Exercise details
The whole listing that follows, pictures excepted, should be printed again exactly as given.

[Given material — start]

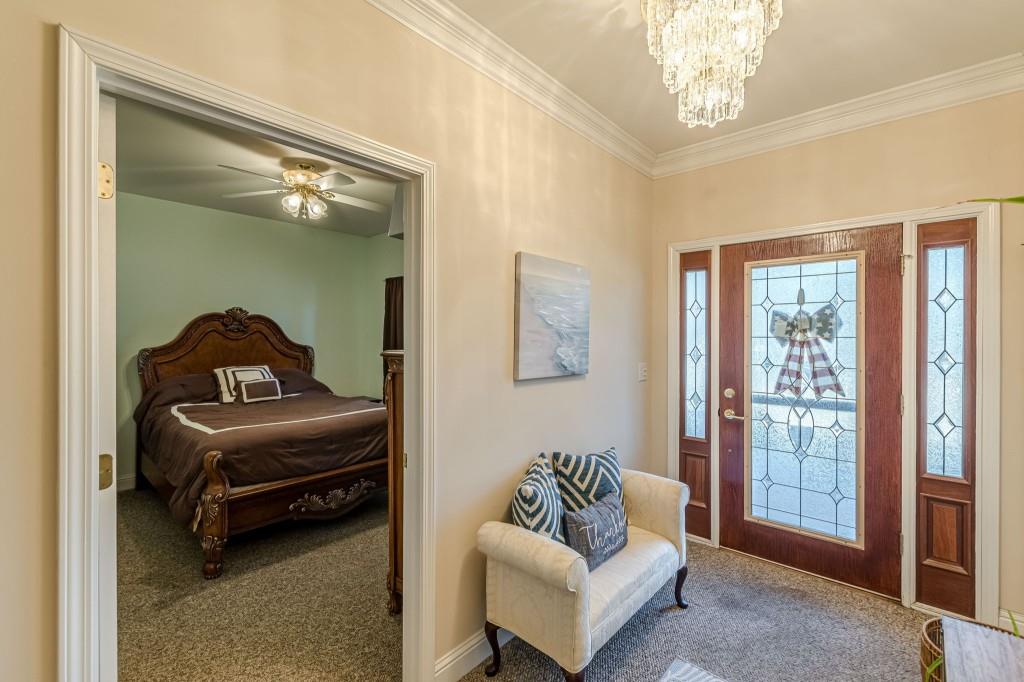 4346 Leola Road Douglasville, GA 30135 - Photo 7 of 59 a living room with furniture and a chandelier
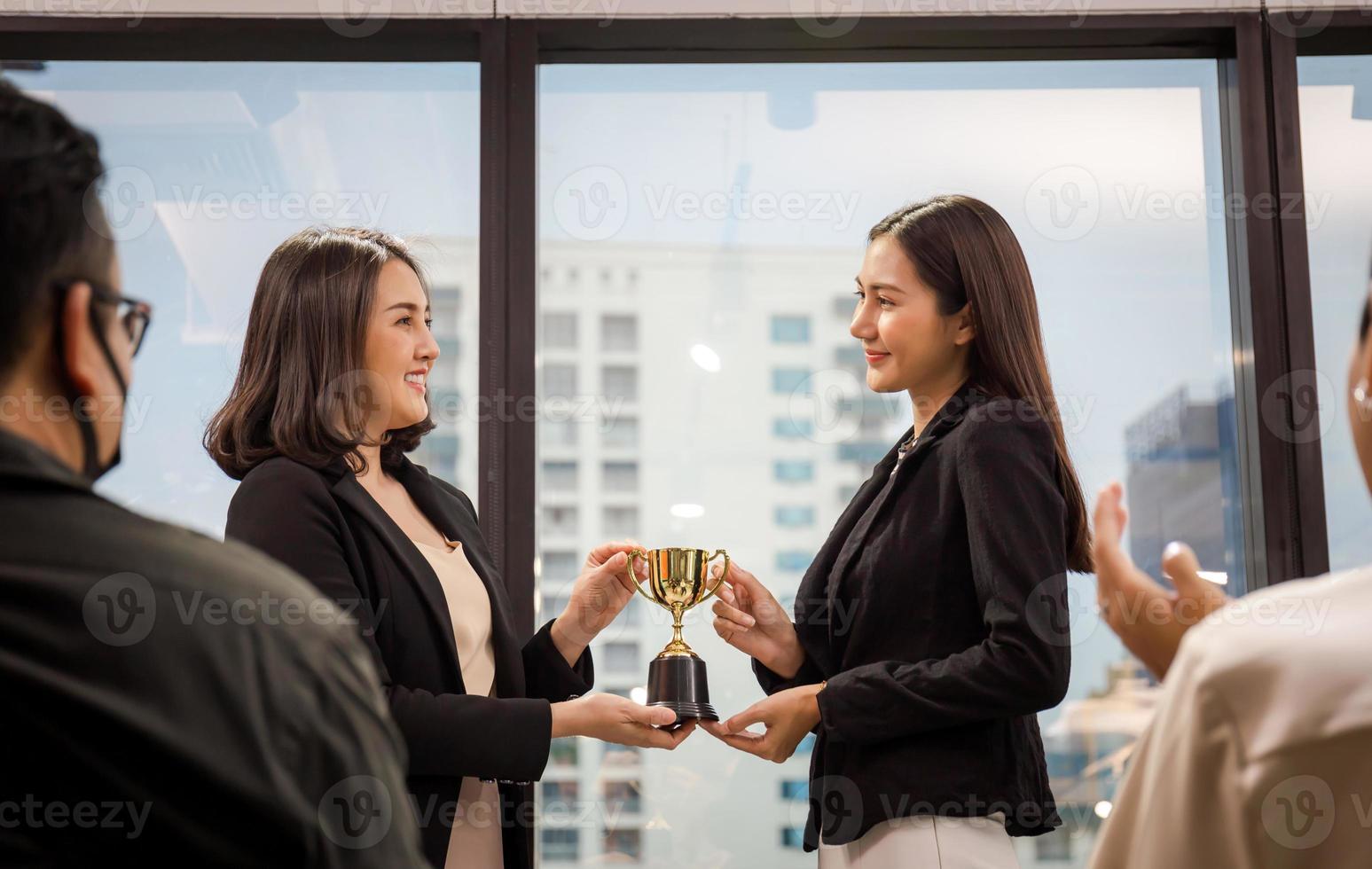 equipo de negocios exitoso con trofeo de premio en la sala de reuniones, equipo de negocios ganador con un premio de trofeo de oro, concepto de éxito y trabajo en equipo foto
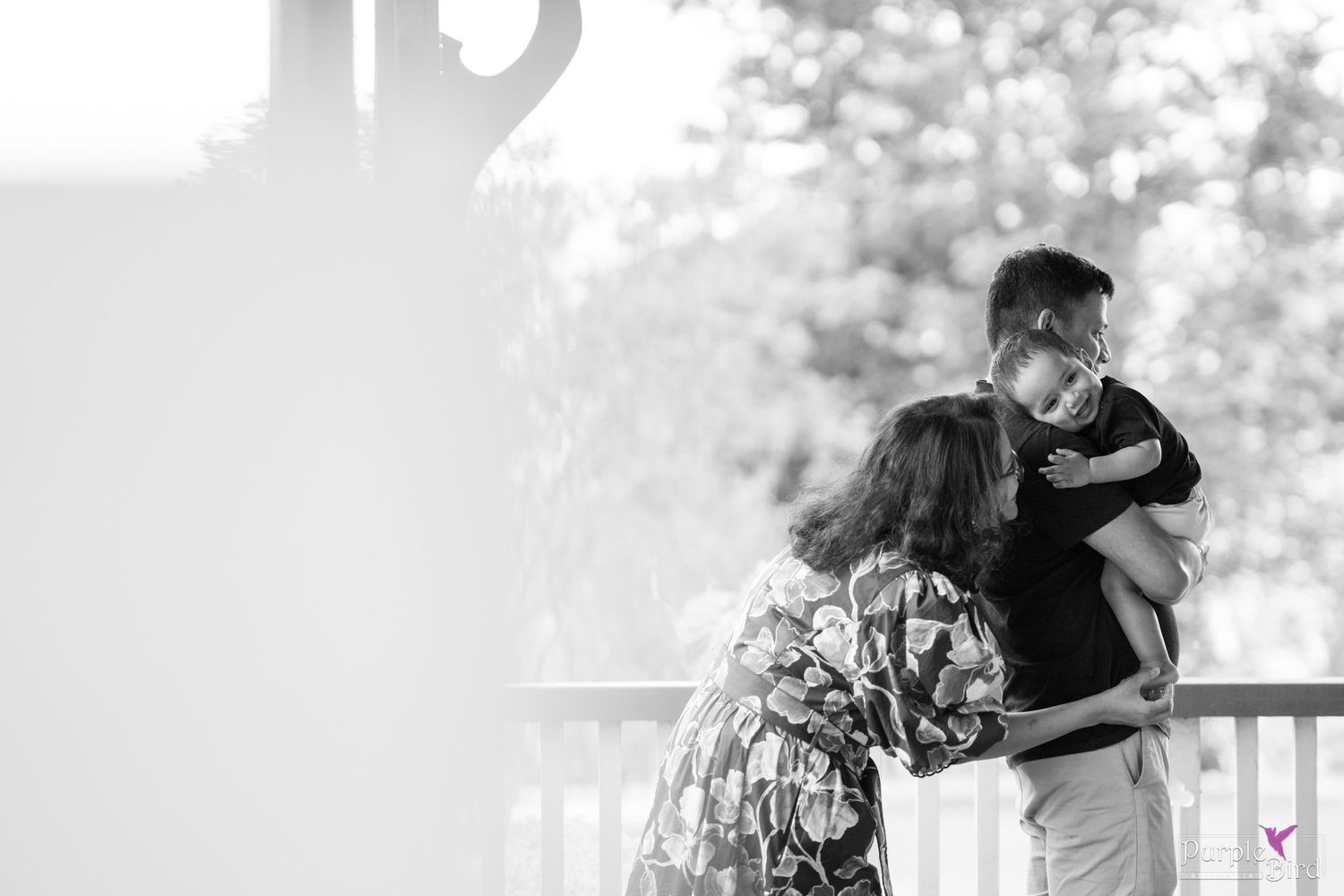 Black and white photo of a mother kissing the father as he holds their child on a porch - timeless family portraits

[Given material — finish]

Result for this exercise
 4346 Leola Road Douglasville, GA 30135 - Photo 7 of 59 a living room with furniture and a chandelier
 equipo de negocios exitoso con trofeo de premio en la sala de reuniones, equipo de negocios ganador con un premio de trofeo de oro, concepto de éxito y trabajo en equipo foto
 Black and white photo of a mother kissing the father as he holds their child on a porch - timeless family portraits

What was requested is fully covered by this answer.